Diagram of the workflow and functions used for parallel annotation.

3 Parallel Annotation Example

We can target 2 pre-defined features in 6 raw MS spectra file from the faahKO package using peakPantheR_parallelAnnotation(). For more details on the installation and input data employed, please consult the Getting Started with peakPantheR vignette.

3.1 Input Data

First the paths to 3 MS file from the faahKO are located and used as input spectras.

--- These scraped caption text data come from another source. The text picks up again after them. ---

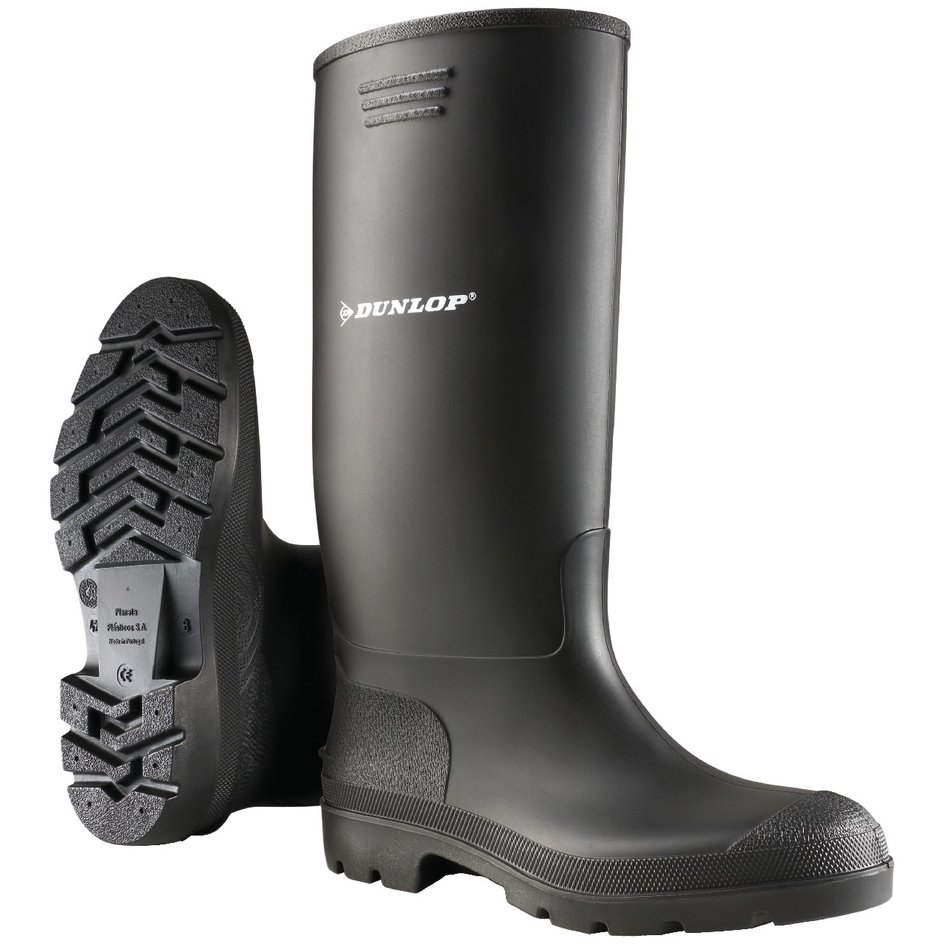 Dunlop® - Stiefel Pricemastor, schwarz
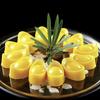 5pcs/Lot Various Chinese Festivals Theme PP Plastic Pudding Molds God of Longevity Ancient Gold Pig Fu Word Lotus Cake Maker DIY
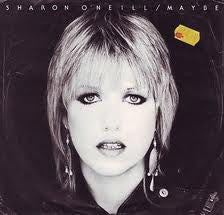 Sharon O'Neill : Maybe (7", Single)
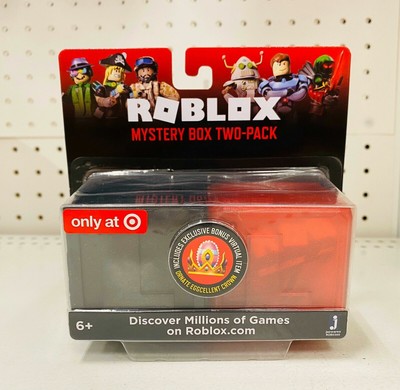 roblox mystery box target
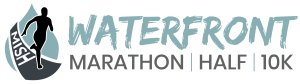MISH Waterfront Marathon | Half Marathon | 10K Logo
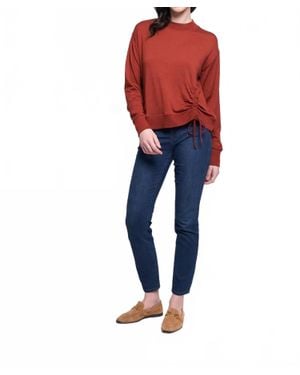 Foil Best Side Top - Blue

In this example these 3 samples are considered as representative of the whole run (e.g. Quality Control samples):

library(faahKO)
## file paths
input_spectraPaths  <- c(system.file('cdf/KO/ko15.CDF', package = "faahKO"),
                        system.file('cdf/KO/ko16.CDF', package = "faahKO"),
                        system.file('cdf/KO/ko18.CDF', package = "faahKO"))
input_spectraPaths
#> [1] "/home/biocbuild/bbs-3.15-bioc/R/library/faahKO/cdf/KO/ko15.CDF"
#> [2] "/home/biocbuild/bbs-3.15-bioc/R/library/faahKO/cdf/KO/ko16.CDF"
#> [3] "/home/biocbuild/bbs-3.15-bioc/R/library/faahKO/cdf/KO/ko18.CDF"

Two targeted features (e.g. compounds, fragments, adducts, …) are defined and stored in a table with as columns:

  • cpdID (numeric)
  • cpdName (character)
  • rtMin (sec)
  • rtMax (sec)
  • rt (sec, optional / NA)
  • mzMin (m/z)
  • mzMax (m/z)
  • mz (m/z, optional / NA)
# targetFeatTable
input_targetFeatTable <- data.frame(matrix(vector(), 2, 8, dimnames=list(c(), 
                        c("cpdID", "cpdName", "rtMin", "rt", "rtMax", "mzMin", 
                            "mz", "mzMax"))), stringsAsFactors=FALSE)
input_targetFeatTable[1,] <- c("ID-1", "Cpd 1", 3310., 3344.888, 3390., 
                                522.194778, 522.2, 522.205222)
input_targetFeatTable[2,] <- c("ID-2", "Cpd 2", 3280., 3385.577, 3440., 
                                496.195038, 496.2, 496.204962)
input_targetFeatTable[,c(3:8)] <- sapply(input_targetFeatTable[,c(3:8)], 
                                        as.numeric)
cpdID cpdName rtMin rt rtMax mzMin mz mzMax
ID-1 Cpd 1 3310 3344.888 3390 522.194778 522.2 522.205222
ID-2 Cpd 2 3280 3385.577 3440 496.195038 496.2 496.204962

Additional compound and spectra metadata can be provided but isn’t employed during the fitting procedure:

# spectra Metadata
input_spectraMetadata  <- data.frame(matrix(c("sample type 1", "sample type 2", 
                            "sample type 1"), 3, 1, 
                            dimnames=list(c(),c("sampleType"))),
                            stringsAsFactors=FALSE)
sampleType
sample type 1
sample type 2
sample type 1

3.2 Initialise and Run Parallel Annotation

A peakPantheRAnnotation object is first initialised with the path to the files to process (spectraPaths), features to integrate (targetFeatTable) and additional information and parameters such as spectraMetadata, uROI, FIR and if they should be used (useUROI=TRUE, useFIR=TRUE):

library(peakPantheR)
init_annotation <- peakPantheRAnnotation(spectraPaths = input_spectraPaths,
                        targetFeatTable = input_targetFeatTable,
                        spectraMetadata = input_spectraMetadata)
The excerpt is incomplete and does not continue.